JAVA Hyphenator using Coldfusion

138 views Asked by At

I was hoping someone can help with the implementation of TeXHyphenator-J using CFML.

I am using the JavaLoader.cfc to create a ColdFusion object of TeXHyphenator-J (as in the code below). When running the code I don't get any errors and a string is returned. However it isn't hyphenated?

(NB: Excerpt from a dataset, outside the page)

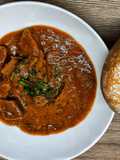 Rindsgulasch „Wiener Art“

<!--- Load Javaloader --->
<cfset paths    = arrayNew(1)>
<cfset paths[1] = expandPath("assets/Hyphenator/texhyphj.jar")>
<cfset loader   = createObject("component", "assets.javaloader.JavaLoader").init(paths)>

<!--- Create buffered stream to TeX file --->
<cfset FileInputStream = createobject("java", "java.io.FileInputStream").init(expandPath("assets/Hyphenator/hyphen.tex"))>
<cfset BufferedInputStream = createobject("java","java.io.BufferedInputStream").init(FileInputStream)>

<!--- Initiate Hyphenator --->
<cfset h = loader.create('net.davidashen.text.Hyphenator').init()>
<!--- load the TeX table into Hyphenator --->
<cfset h.loadTable(BufferedInputStream)>
<!--- Get hyphenated string, Hyphenator should return as-so-ci-ate --->
<cfset retStr = h.hyphenate('associate')>

<cfdump var="#retStr#">
1

There are 1 answers

0
Leigh On

however it isn't hyphenated

While not immediately obvious, the returned value actually is hyphenated. The chosen hyphen character, ie \u00ad just is not visible. Dumping each character in the string shows the soft hyphens have an ascii value of 173:

97  : a
115 : s
173 : ­    <== soft hyphen
115 : s
111 : o
173 : ­    <== soft hyphen
99  : c
105 : i
97  : a
116 : t
101 : e

So one simple solution would be to replace that character with a standard hyphen:

newString = replace(retStr, chr(173), "-", "all")

Side note, running the same example directly in java also yielded "as-so-ciate", not "as-so-ci-ate".